Do not mistake casualness for carelessness.
Professionalism does not mean acting like you are in a corporate stock photo. It means remembering that Inedo is a workplace, taking your job seriously, and practicing Shintaku: making yourself worthy of trust.
That is more challenging than it might seem. We actively fight micromanagement, which means you will have more freedom here than at many companies. And more responsibility.
We expect you to make mistakes, but we also expect you to own them and practice Kaizen to learn and improve.
Be Flexible.
Flexibility is not just a perk at Inedo; it is a responsibility we all share.
Reliability, communication, and results are more important than where you are sitting at 2:00 PM on a Tuesday. We all have lives outside of work, and sometimes appointments, responsibilities, and emergencies happen during normal business hours.
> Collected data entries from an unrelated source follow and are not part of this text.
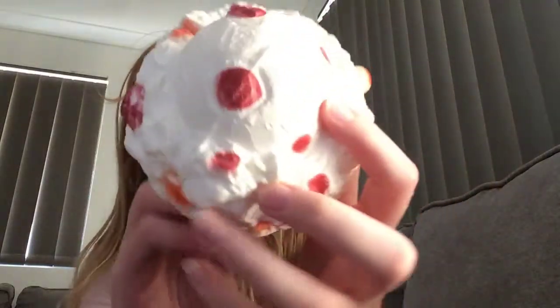Hey guys, sorry about the strip and curl, but anyway I'm doing a squishy video, so I'm only going to be showing you three or four of my favourite squishies. So let's consider. This is my first favourite, this ice cream one. It smells like chocolate and it's really, really soft.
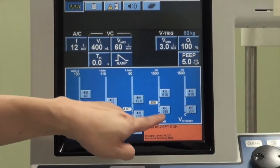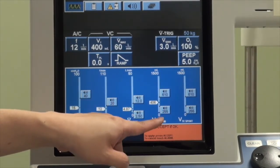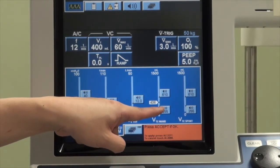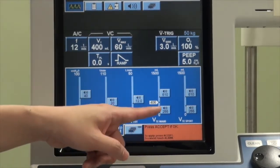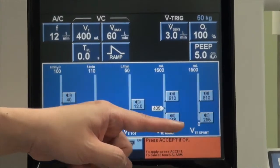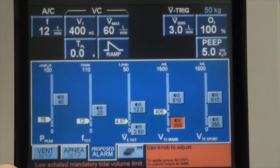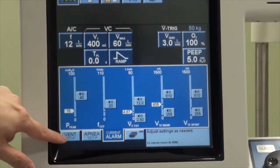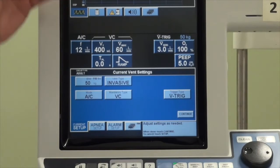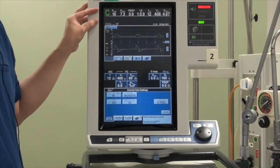The next button is the tidal volume alarm. The safe starting point is about 6 to 8 mL per ideal body weight, so you can set the upper and lower limit to alert you when the patient breathes beyond that range. Once you are satisfied with the settings, press accept and this will be locked in. Whenever the patient is breathing above or below what you have set, you will see an alarm in the top half, alerting you that there is a critical issue and you need to attend to the patient immediately.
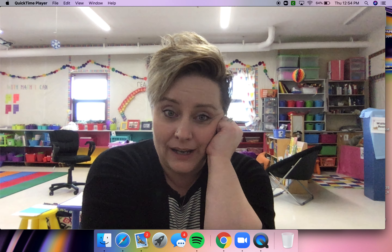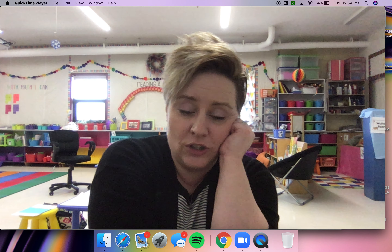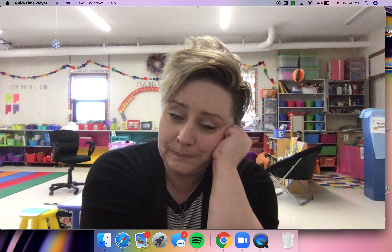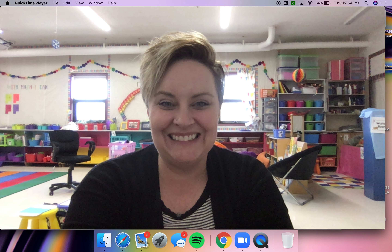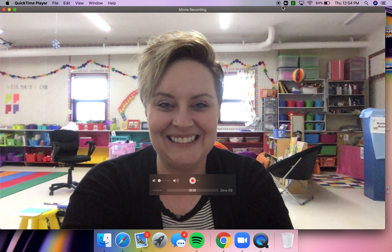Hey boys and girls, we are doing the second of our diver letters, so I hope you enjoyed the last diver letter with Miss Collis and her crazy goggles. We are going to do the letter R today. It is another diver letter — we don't dive as far down as we do with P, so R is a small letter.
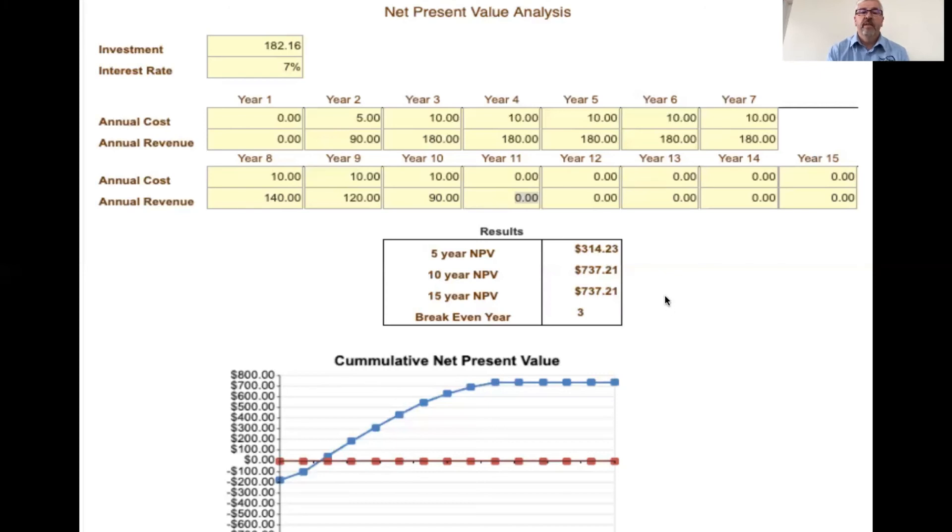Keep in mind: if we had a crop failure or an interseeding failure — say you interseeded one spring and got no germination and had to interseed a second time — then this total investment cost would be up at $360 instead of $182, and you'd be extended out in terms of when your annual revenues start. One failure in the interseeding process can move that breakeven year from three out to closer to ten in a pretty big hurry. So you really need to be aware of those things as you analyze these research opportunities to put on your own place.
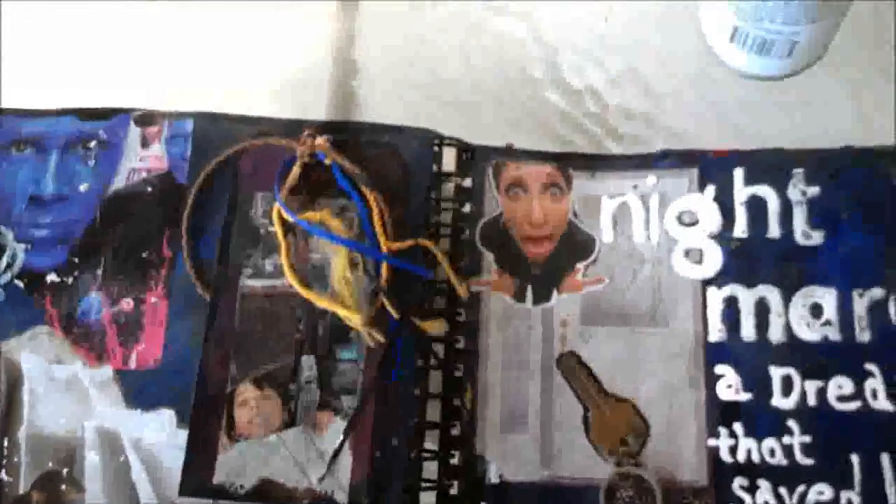Now that was creepy — really creepy. So that's what this whole journal page is about. I told my mother about this dream later and she said, 'Well, that will teach you to listen to your old mother.' And it did too — I listened up when she told me to go answer the door.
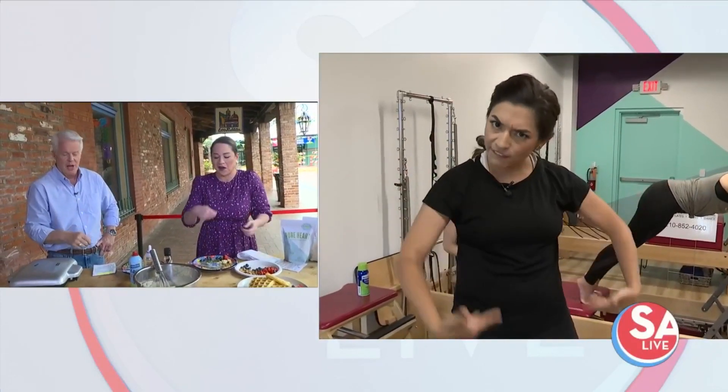Yeah, I see why you're out of breath. I've tried that a little bit before — that's a tough workout. As we sit here eating, I think we're eating like this. Catch your breath so you can work out more, Jen. We'll enjoy waffles. You're looking good!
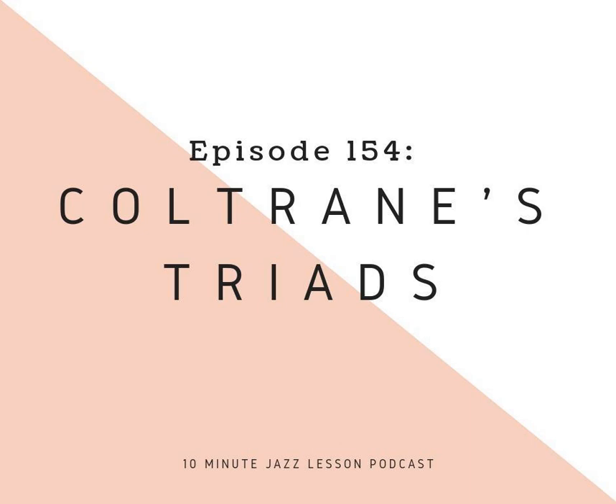Hey everybody, welcome back to Episode 154 of the 10-Minute Jazz Lesson Podcast. My name is Nick Manella, I am the creator and host of the show. We are so happy to have you here. Really enjoy doing this for you every single week, and thanks for returning each and every week to learn something new to help you on your jazz journey.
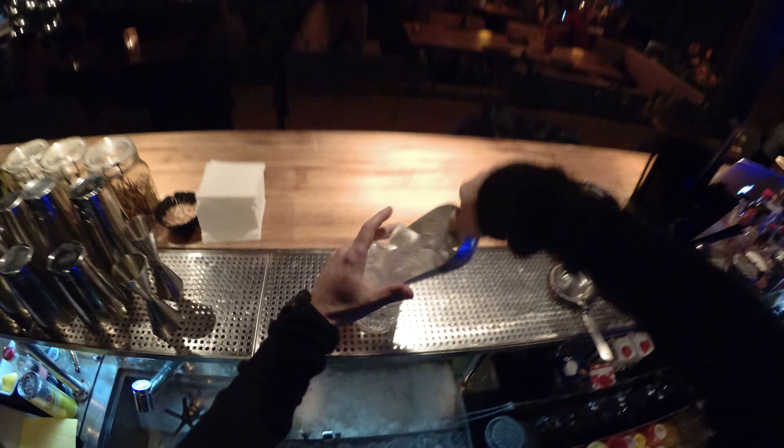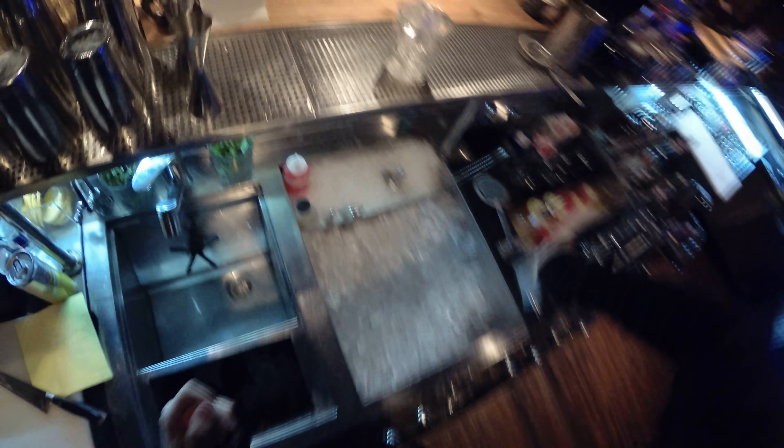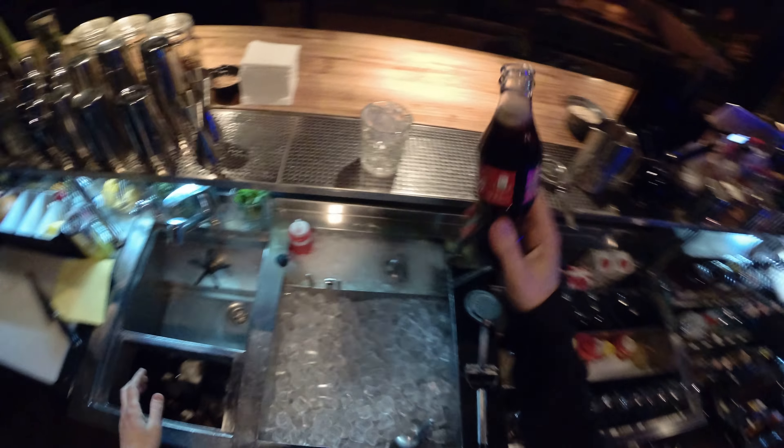Next step is ice. The second component is Coca-Cola — and it should be a new one, right from the fridge. Only so.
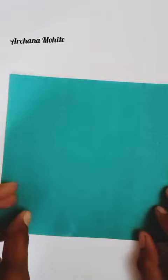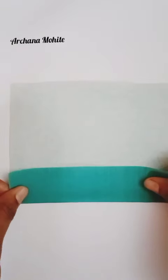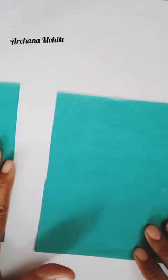Let's start. We need first a rectangle paper. This is my origami square paper. Now I'm going to fold it a little bit so I will get a rectangle shape. Now I'm going to cut it. Cut the paper. Now we will get a rectangle.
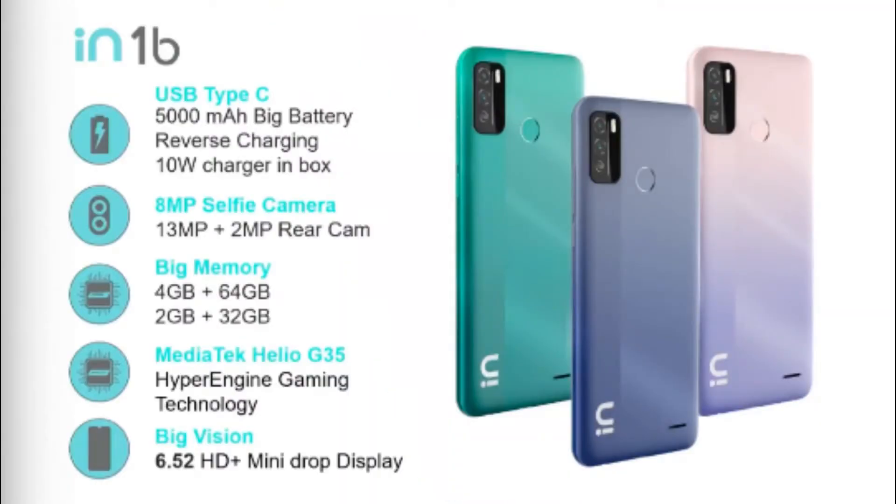Ok friends, this is the In Note 1B. This is the fast USB Type-C cable. You can also have a Type-C cable, a big battery, a 10-volt charger box, and a selfie camera. Storage options include 4GB plus 64GB and 2GB plus 32GB.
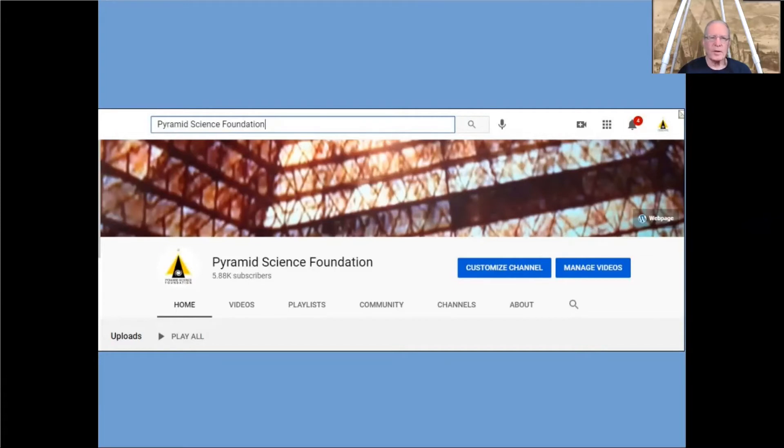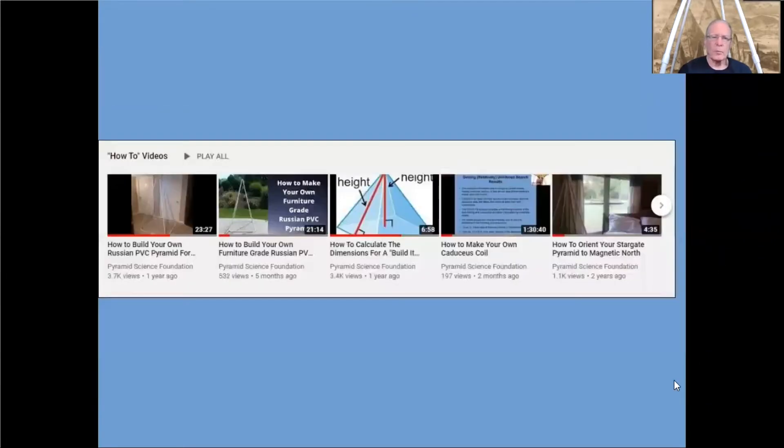Now we still have one channel that only has about 60 viewers — we're trying to get rid of that — but go to the one that has close to 6,000 subscribers. That's the one where all of these videos are maintained. From there on the home page, scroll down and I think it's the fourth section now on the page. You'll see a section called how-to videos and you'll see five of them. There's actually six — you'll have to hit the right arrow button to get to the last one. Look for the how-to videos and I'm going to give you a brief description of each one.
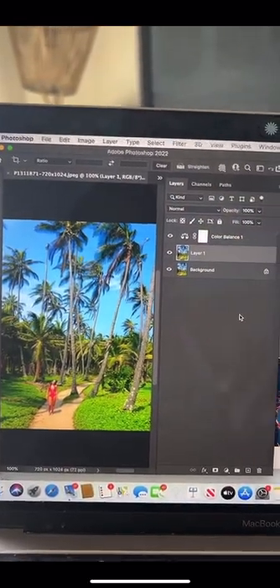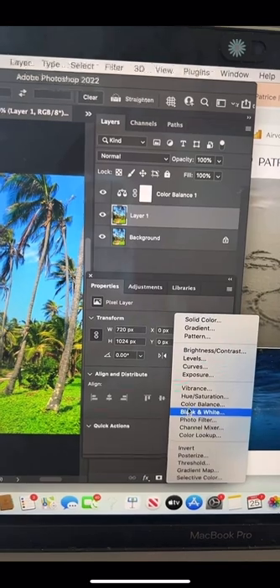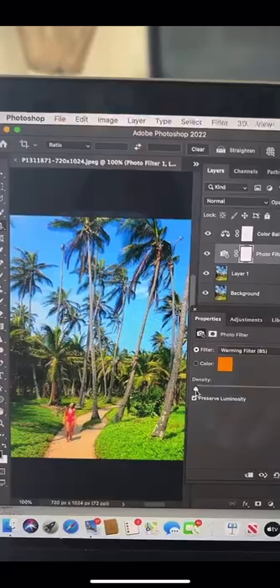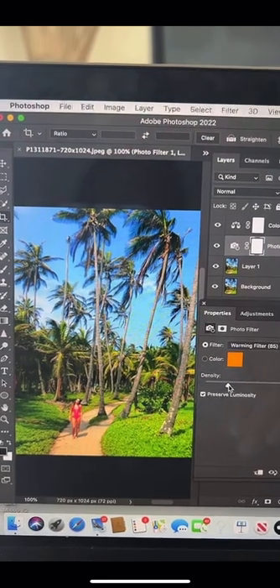In your layers panel on the right side of your photo, click this icon on the bottom right and choose photo filter. I like warming filter number 85, and simply slide this slider up to add some vitamin D.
Just Act Professionally and work it out with your team.
But you also need to be flexible. We have teams in Cleveland and Tokyo, as well as customers all over the world, which means not every business meeting will can occur in normal business hours. Just Don’t Be An Asshole and figure it out with whoever you need to meet with.
Write it Down.
As a small business, things can fall apart quickly when important information exists only in one person’s head.
We’re not asking you to complete paperwork for the sake of paperwork, but adhering to Hōkoku ensures important knowledge is shared instead of locked away, helping others see the bigger picture in line with Taikyoku.
If you’re the only person who understands a process, a project status, or the reasoning behind a decision, you’ve created a bottleneck whether you meant to or not.
Write things down and your future coworkers, and your future self, will thank you.
Use our Space Well.
The office is more than a place to work. We like to think of it as a shared space used by community groups, events, meetups, and other things that bring people together. Sometimes for work, sometimes for fun.
You are generally welcome to use the office outside of normal work hours for reasonable things: a board game night, a meetup, a small event, a filming project, or something else that brings people together. If it’s a community effort, we even may be able to host it, help organize it, or even sponsor it. Just make sure to ask!
Life Happens.
We’ve all had a rough patch. Legal trouble, financial stress, family issues, health scares, and plain old life happens to us all. When something serious is affecting you, it will probably affect your work too, which can create even more stress.
Don’t handle that alone. We are not here to pry, but we may be able to offer resources, flexibility, connections, or just plain advice to help you think through what to do next.
The same goes for your career. Our CEO not only wrote Everyone Quits, but even talked about how he effectively quit as the CEO of the “scaling version” of Inedo.
While many on our team are long-term employees, we are proud to have alumni (not ex-employees) who left Inedo to pursue opportunities at other companies or even start their own. We’ll help and guide you in exploring these, wherever they may be.
In addition to this “handbook”, we have a single policy document to describe how Paid Time Off works at Inedo. Long story short, it’s a fairly standard “PTO bank” system, localized for Ohio and Japan as appropriate.
Outside of Chōwa, everything else is generally covered during new employee onboarding as training modules.
But if anything is unclear, don’t hesitate to ask. That’s another reason we like to keep this short.